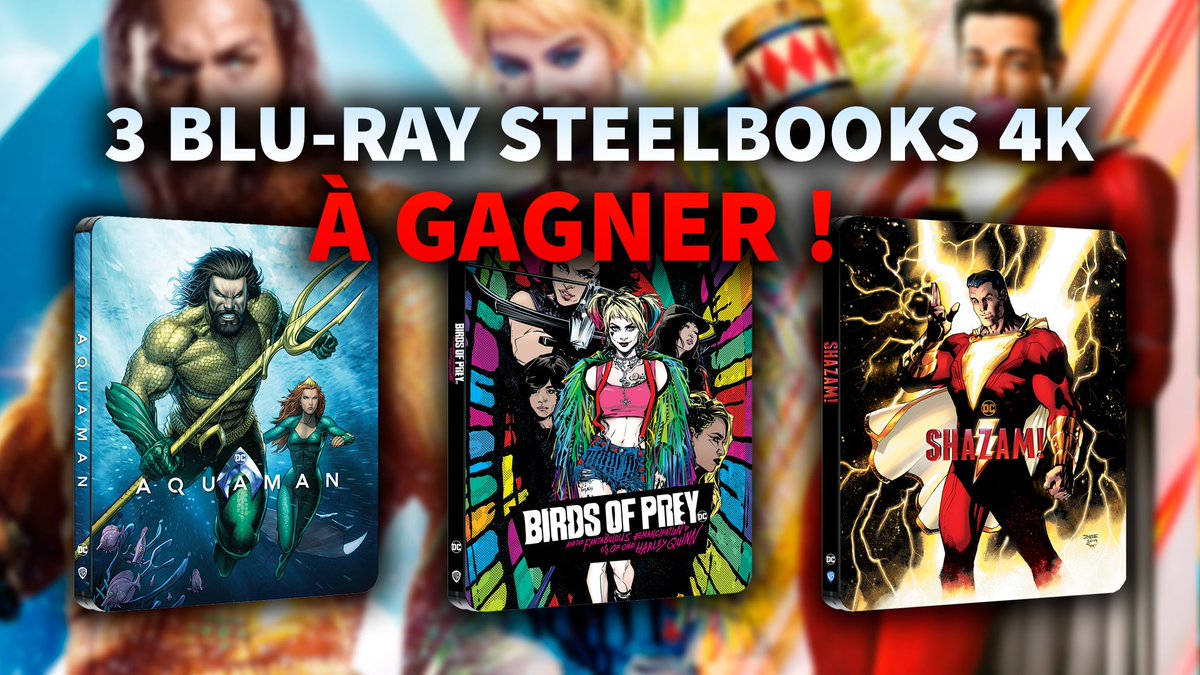 MatteoSapin's tweet photo. [CONCOURS] J'ai l'occasion de vous faire gagner 1 lot de 3 blu-ray steelbooks 4K @DCComics_FR (#Aquaman 🦈, #BirdsofPrey 🤡 et #Shazam ⚡️)  
 
🎁 Vous avez jusqu'au 11 novembre pour RT + Follow @MatteoSapin afin de participer 🎁

J'avoue, je suis un peu jaloux du cadeau 😂😍 https://t.co/p9OYJbFJOo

### AIM OF THE EXERCISE
Return all material verbatim, pictures omitted.

### TASK ANSWER
 MatteoSapin's tweet photo. [CONCOURS] J'ai l'occasion de vous faire gagner 1 lot de 3 blu-ray steelbooks 4K @DCComics_FR (#Aquaman 🦈, #BirdsofPrey 🤡 et #Shazam ⚡️)  
 
🎁 Vous avez jusqu'au 11 novembre pour RT + Follow @MatteoSapin afin de participer 🎁

J'avoue, je suis un peu jaloux du cadeau 😂😍 https://t.co/p9OYJbFJOo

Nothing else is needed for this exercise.